### [Source material]
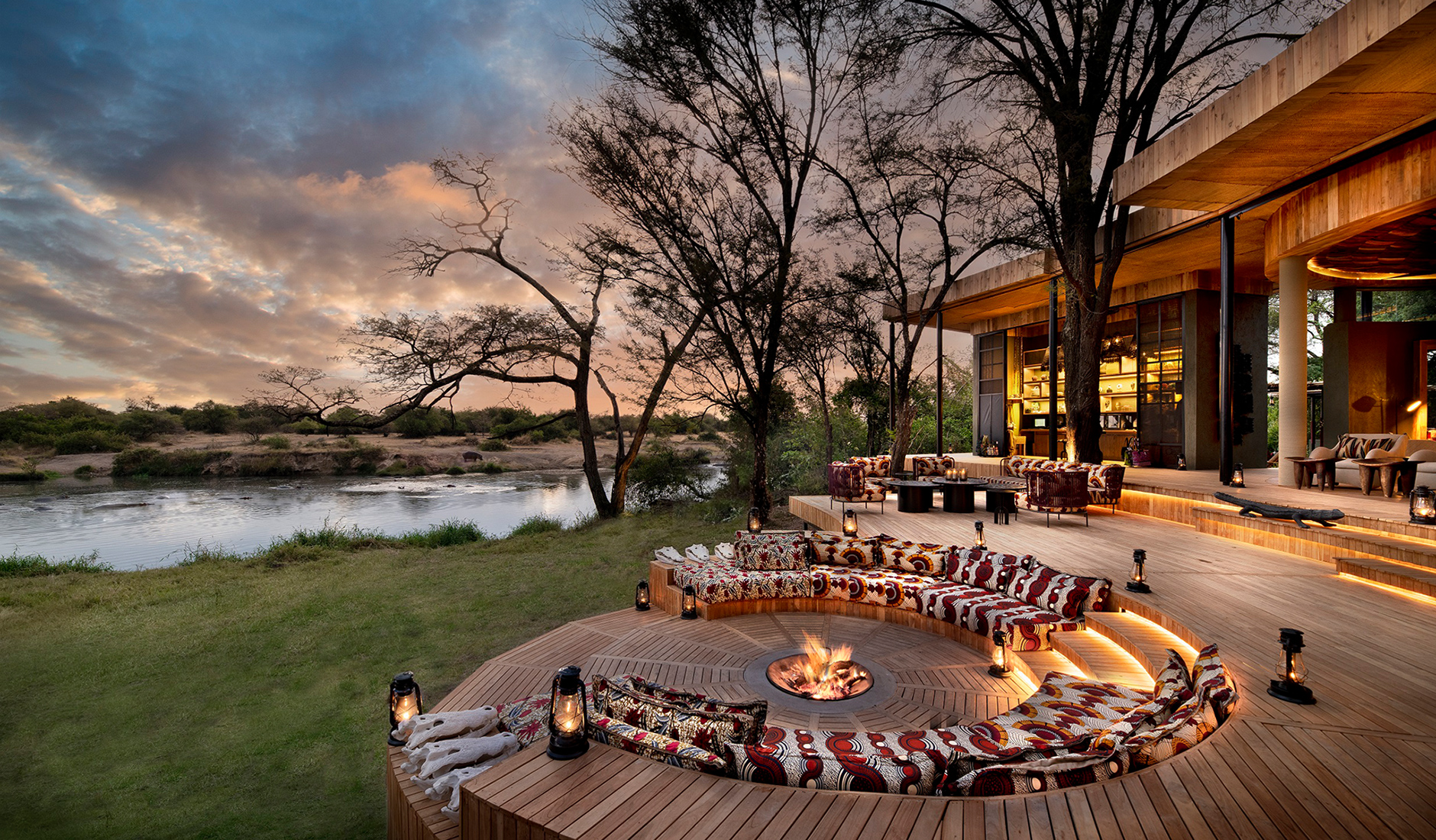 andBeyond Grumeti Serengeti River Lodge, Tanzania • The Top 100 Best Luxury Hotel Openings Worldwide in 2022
...
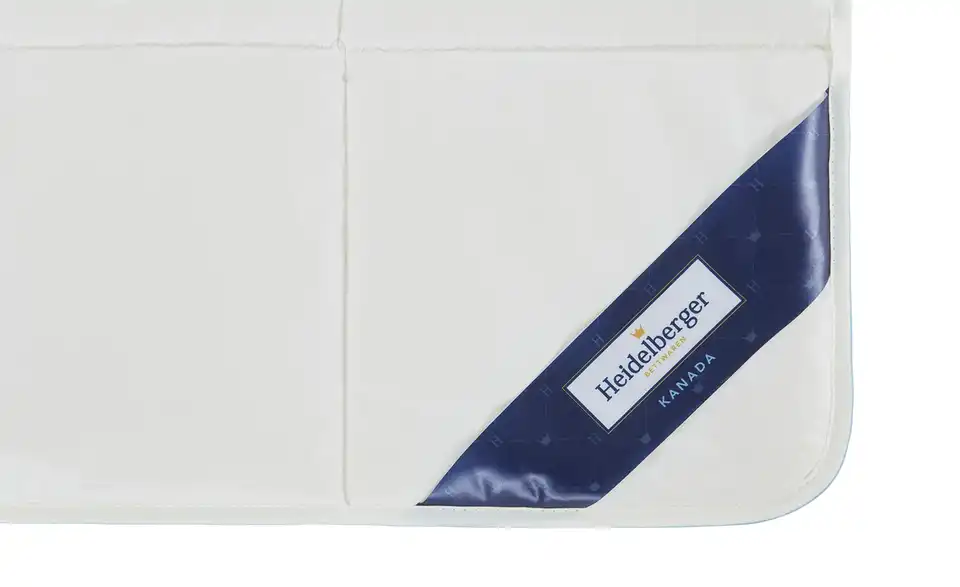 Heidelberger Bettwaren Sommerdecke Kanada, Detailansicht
---
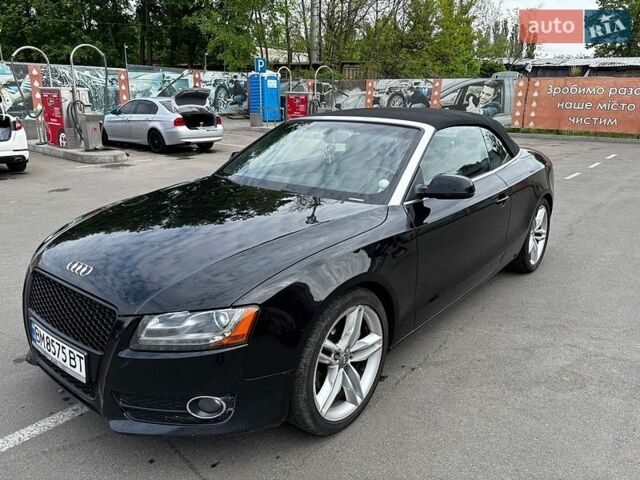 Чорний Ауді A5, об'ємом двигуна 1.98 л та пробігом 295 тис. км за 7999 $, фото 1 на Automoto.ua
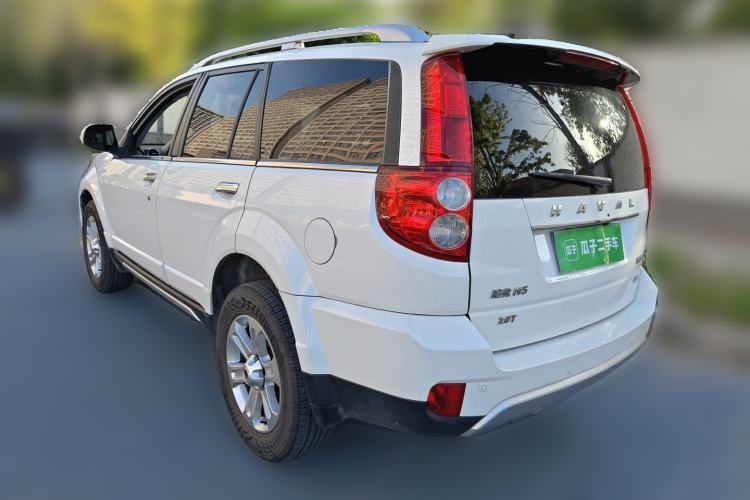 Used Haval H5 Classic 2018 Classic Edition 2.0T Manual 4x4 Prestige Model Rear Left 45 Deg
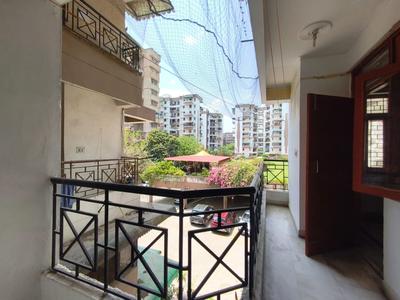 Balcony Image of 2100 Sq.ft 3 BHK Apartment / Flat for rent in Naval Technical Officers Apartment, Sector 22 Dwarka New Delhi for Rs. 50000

### [Problem]
Leaving pictures out, output the lines of the data above from the one with "Used Haval H5" through the one with "Balcony Image of", word for word.

### [Response to this exercise]
 Used Haval H5 Classic 2018 Classic Edition 2.0T Manual 4x4 Prestige Model Rear Left 45 Deg
 Balcony Image of 2100 Sq.ft 3 BHK Apartment / Flat for rent in Naval Technical Officers Apartment, Sector 22 Dwarka New Delhi for Rs. 50000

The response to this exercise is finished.